I have a question about which read lengths to accept and which to filter out.
The data i have is 4V 2 x 250 paired-end Novaseq (so a lot of reads).
The overlap should be about 210 bp and total merged read length after denoising (dada2 denoise-paired) should be about 250 bp excluding the 19 bp forward and 20 bp reverse primers (F 515 R 806).
I gave this command:
qiime dada2 denoise-paired --i-demultiplexed-seqs WesternDietSertpaired-end-demux.qza --p-trim-left-f 20 --p-trim-left-r 20 --p-trunc-len-f 0 --p-trunc-len-r 0 --o-table tableWesternDietSert.qza --o-representative-sequences rep-seqs-WesternDietSert.qza --o-denoising-stats denoising-statsWesternDietSert.qza --verbose
It gives me a large range of read lenghts 69-450 with a mean of 239
Now which reads should i filter out? i could use only the 25-75% interval 247-252 read length? This way i loose 50% of my data but i take only the closest match.
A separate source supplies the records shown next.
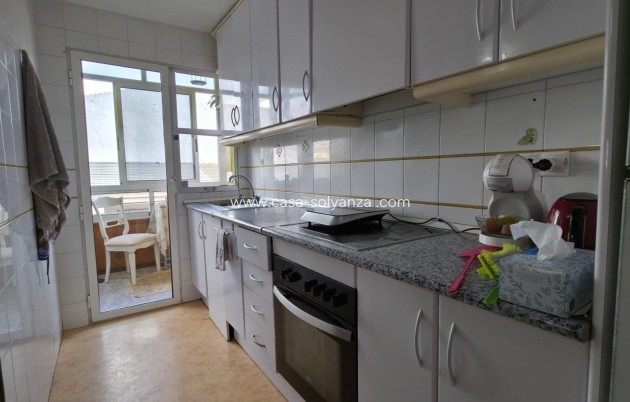 Wiederverkauf - Wohnung - Torrevieja - Playa del Cura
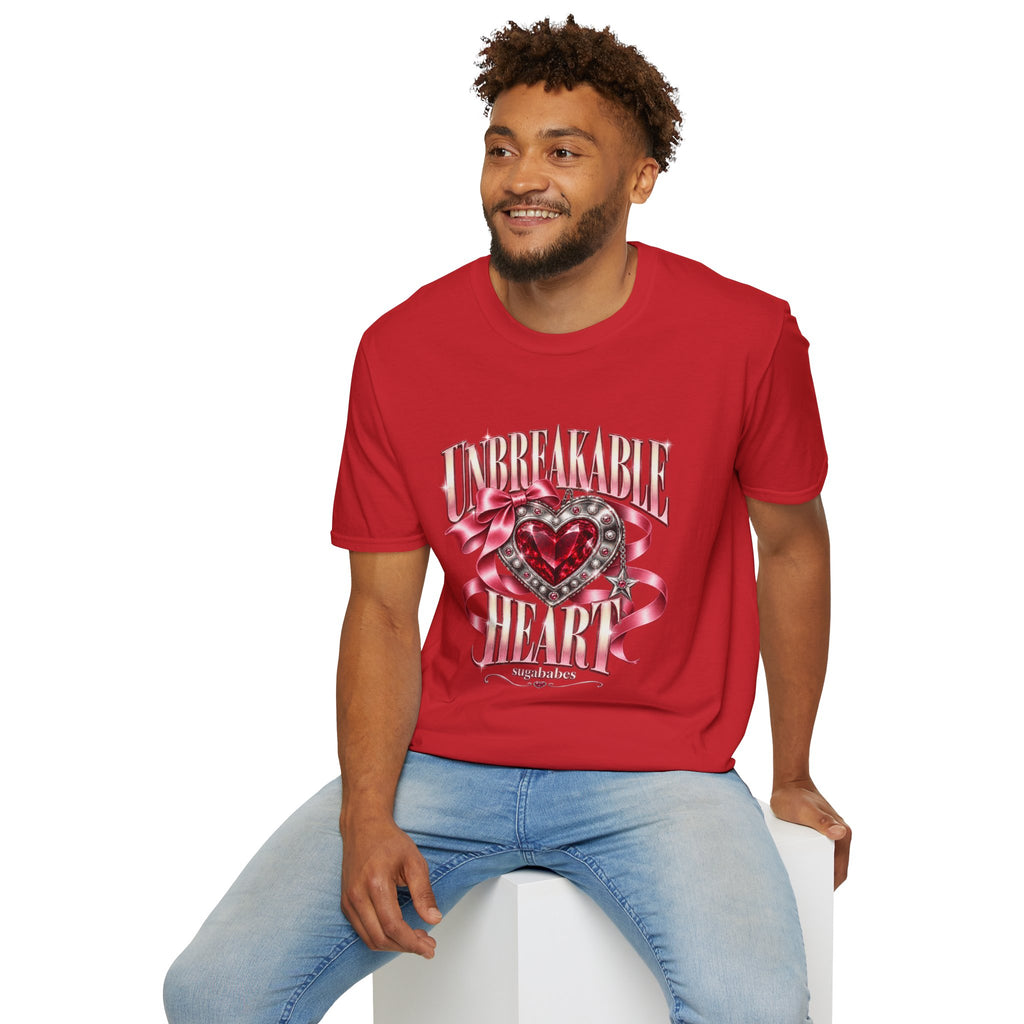 Unbreakable Heart | Sugababes Graphic Band T Shirt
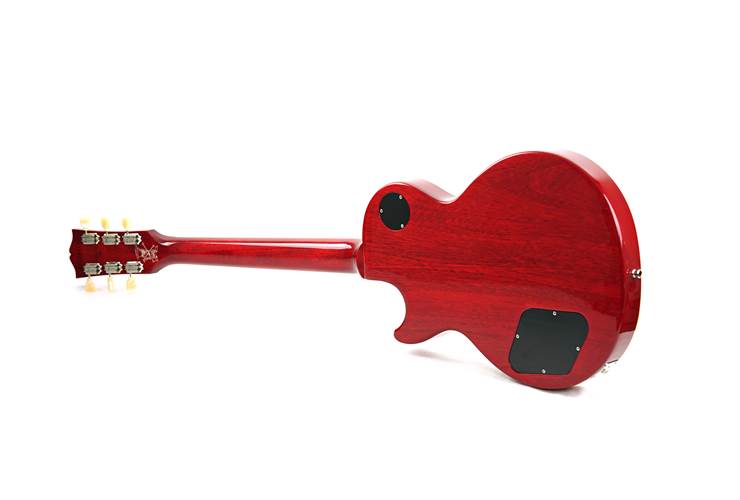 Gibson Slash Les Paul Standard Jessica Honey Burst / Red Back #226740106 Gibson Slash Les Paul Standard Jessica Honey Burst / Red Back #226740106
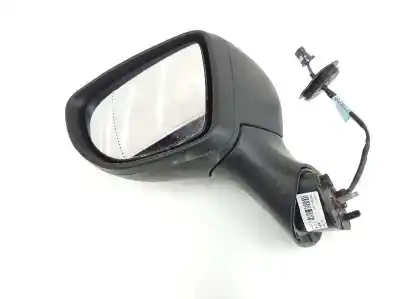 Second-hand car spare part left rearview mirror for renault clio iv 0.9 oem iam references 963022031r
Something that puzzles me is that i had previously mistakenly truncated 20 bp forward and reverse besides trimming 20 bp forward and reverse. In this setting, despite cutting 20 bp of biological signal, my read statistics look more consistent with the range being 210-408 and the 9-75% interval being 249-252. I would have thought that giving more of the reads would improve read statistics. --p-trim-left-f 20 --p-trim-left-r 20 does mean i cut the 20 bp at the beginning of the forward and reverse reads right?
and --p-trunc-len-f 0 --p-trunc-len-r 0 is intended for cutting the end of the sequence, that i have now opted out of.
With only trimming 20 bp the beginning i now have many more features 4040 vs 2814, so that seems to have improved…
Note that the q scores look good so (above 30) so i don’t have to cut anything at the end. I did it because i thought there was a reverse primer at the end of the read but there is not.
Thanks for your advice on filtering out read lengths.